## [EXERCISE BRIEF]
Your reply must contain the full listing below, reproduced exactly, but no pictures.

## [GIVEN INFORMATION]

-=-=-

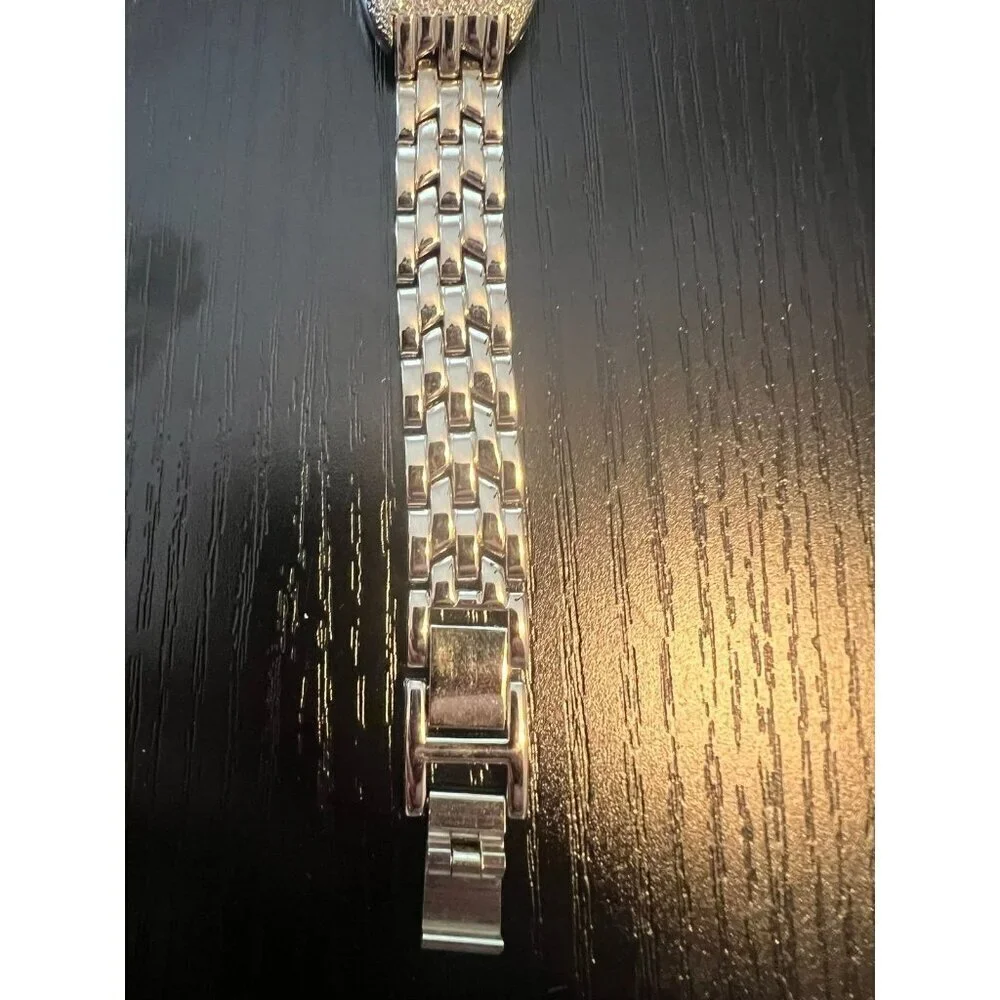 Precision by Gruen | Silver Jewel Quartz Women’s Watch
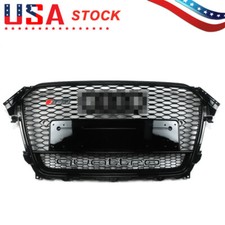 For Audi A4 S4 B8.5 RS4 Style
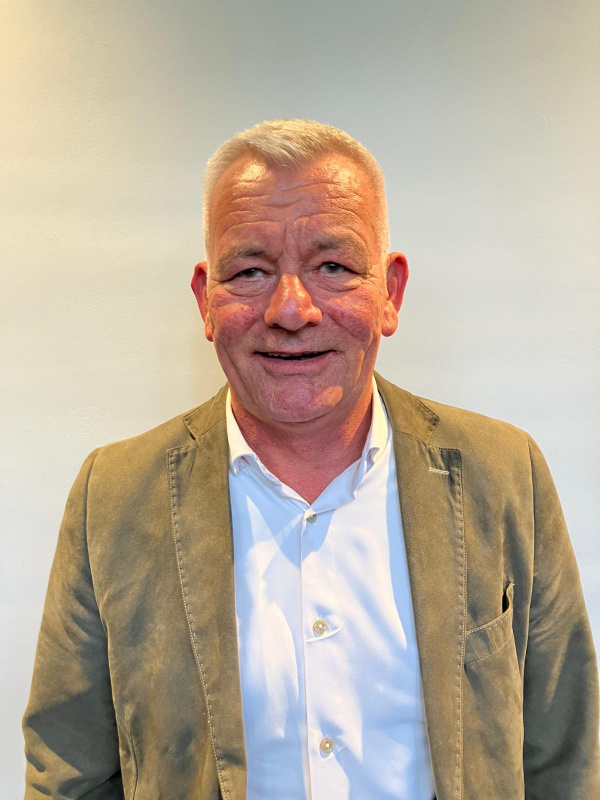 Fred Boerboom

-=-=-

## [RESULT OF THE TASK]
 Precision by Gruen | Silver Jewel Quartz Women’s Watch
 For Audi A4 S4 B8.5 RS4 Style
 Fred Boerboom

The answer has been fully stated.